Minimax rates for heterogeneous causal effect estimation

Estimation of heterogeneous causal effects - i.e., how effects of policies and treatments vary across subjects - is a fundamental task in causal inference, playing a crucial role in optimal treatment allocation, generalizability, subgroup effects, and more. Many flexible methods for estimating conditional average treatment effects (CATEs) have been proposed in recent years, but questions surrounding optimality have remained largely unanswered.

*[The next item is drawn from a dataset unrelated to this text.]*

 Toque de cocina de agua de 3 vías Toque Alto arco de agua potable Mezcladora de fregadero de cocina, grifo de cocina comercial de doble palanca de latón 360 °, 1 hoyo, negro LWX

In particular, a minimax theory of optimality has yet to be developed, with the minimax rate of convergence and construction of rate-optimal estimators remaining open problems. In this paper we derive the minimax rate for CATE estimation, in a nonparametric model where distributional components are Holder-smooth, and present a new local polynomial estimator, giving high-level conditions under which it is minimax optimal. More specifically, our minimax lower bound is derived via a localized version of the method of fuzzy hypotheses, combining lower bound constructions for nonparametric regression and functional estimation. Our proposed estimator can be viewed as a local polynomial R-Learner, based on a localized modification of higher-order influence function methods; it is shown to be minimax optimal under a condition on how accurately the covariate distribution is estimated. The minimax rate we find exhibits several interesting features, including a non-standard elbow phenomenon and an unusual interpolation between nonparametric regression and functional estimation rates. The latter quantifies how the CATE, as an estimand, can be viewed as a regression/functional hybrid. We conclude with some discussion of a few remaining open problems.

翻译：异质性因果效应估计——即政策与治疗效果在不同个体间的差异——是因果推断中的基本任务，在最优处理分配、泛化性、亚组效应等方面发挥关键作用。近年来虽有多种灵活方法被提出用于估计条件平均处理效应（CATE），但关于最优性的问题仍悬而未决。特别是，极小极大最优性理论尚未建立，收敛的极小极大速率及速率最优估计量的构造仍是开放性问题。本文在分布成分满足赫尔德光滑性的非参数模型中推导了CATE估计的极小极大速率，并提出一种新的局部多项式估计量，给出其达到极小极大最优的高层条件。具体而言，我们的极小极大下界通过模糊假设方法的局部化版本推导，结合了非参数回归与函数估计的下界构造。所提估计量可视为基于高阶影响函数方法局部化改进的局部多项式R-学习器，在协变量分布估计精度满足特定条件时被证明是极小极大最优的。我们发现的极小极大速率展现出若干有趣特征，包括非标准手肘现象以及非参数回归与函数估计速率之间的异常插值，后者量化了CATE作为估计对象可被视为回归/函数混合体的特性。最后，我们讨论了一些尚待解决的开放问题。